Żużel. Pięćdziesiątka Piotra Barona. Zdobywał złota z Bykami, czas na misję z Aniołami

fot. Paweł Prochowski
Share on facebook
Share on twitter
Share on linkedin
Share on email
Share on whatsapp

5 lutego swoje 50. urodziny obchodzi trener KS Apatora Toruń – Piotr Baron. Doświadczony szkoleniowiec ma na koncie wiele sukcesów. Najpierw, jako zawodnik, ze Spartą Wrocław zdobył trzy tytuły Drużynowego Mistrzów Polski, a po ponad 20 latach – już jako trener – pobił ten osobisty rekord z Fogo Unią Leszno.

 

Piotra Barona można uznać za najbardziej utytułowanego trenera w najnowszej historii polskiego speedwaya. A jak to się zaczęło? – Pierwszy raz na żużlu? Może w 1983 bądź 1984 roku. Miałem okazję być na meczu w Toruniu i zobaczyć ten sport, a już kilka lat później samemu udało mi się pojeździć – przyznał trener leszczyńskich Byków w rozmowie z naszym portalem.

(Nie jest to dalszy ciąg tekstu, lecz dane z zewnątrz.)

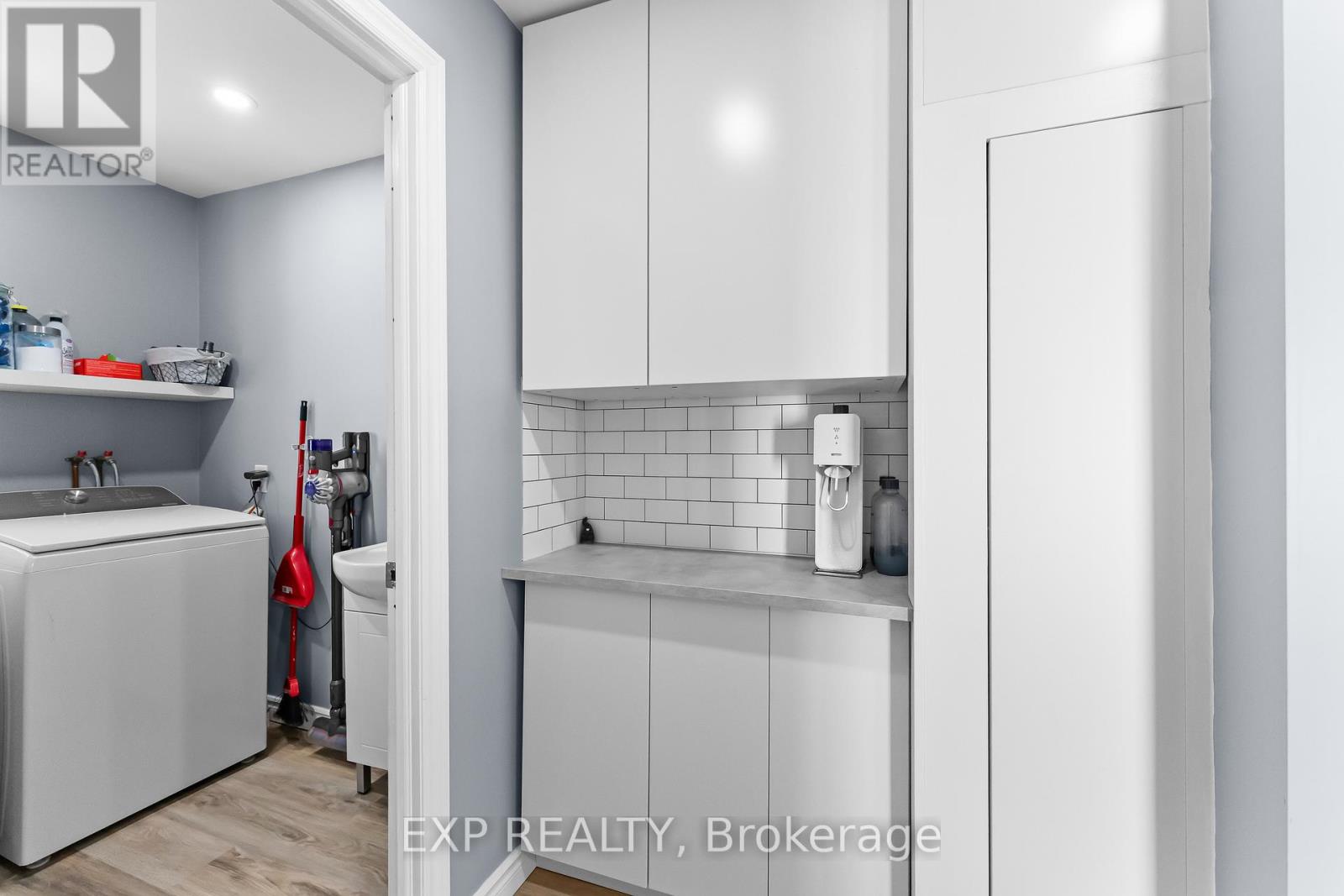 8 Coventry Street, St. Catharines, Ontario  L2R 2X5 - Photo 17 - X13156462
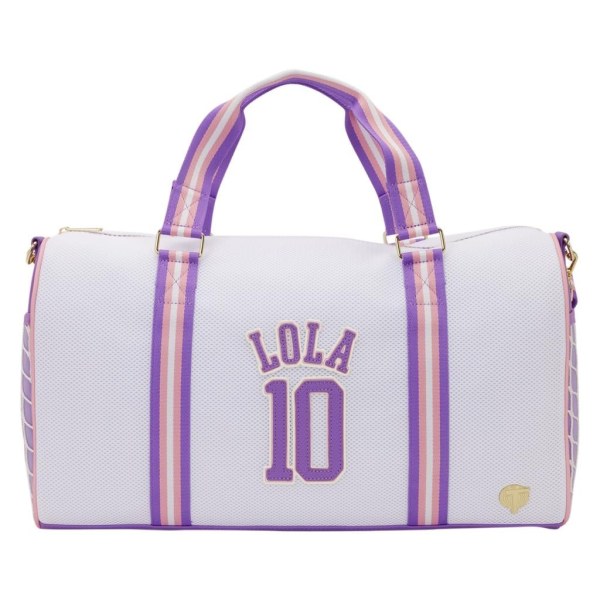 LOONEY TUNES - Lola Bunny - Reistas Loungefly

Poniedziałkowy solenizant karierę zaczynał w Toruniu, gdzie już jako 16-latek zadebiutował w najwyższej klasie rozgrywkowej. Po roku przeniósł się do Grudziądza (1991), a następnie trafił do Wrocławia (1992-1999). W stolicy Dolnego Śląska jeździł najdłużej i również tam świętował największe triumfy zawodnicze, czyli pięć medali DMP, w tym trzy złote (1993, 1994, 1995 – złote, 1999 – srebrny i 2002 – brązowy). Po długim epizodzie we Wrocławiu znów jeździł w Grudziądzu (2000), Opolu (2001) i ponownie we Wrocławiu (2002), gdzie zdecydował się zakończyć karierę. Dość szybko, bo w wieku zaledwie 28 lat.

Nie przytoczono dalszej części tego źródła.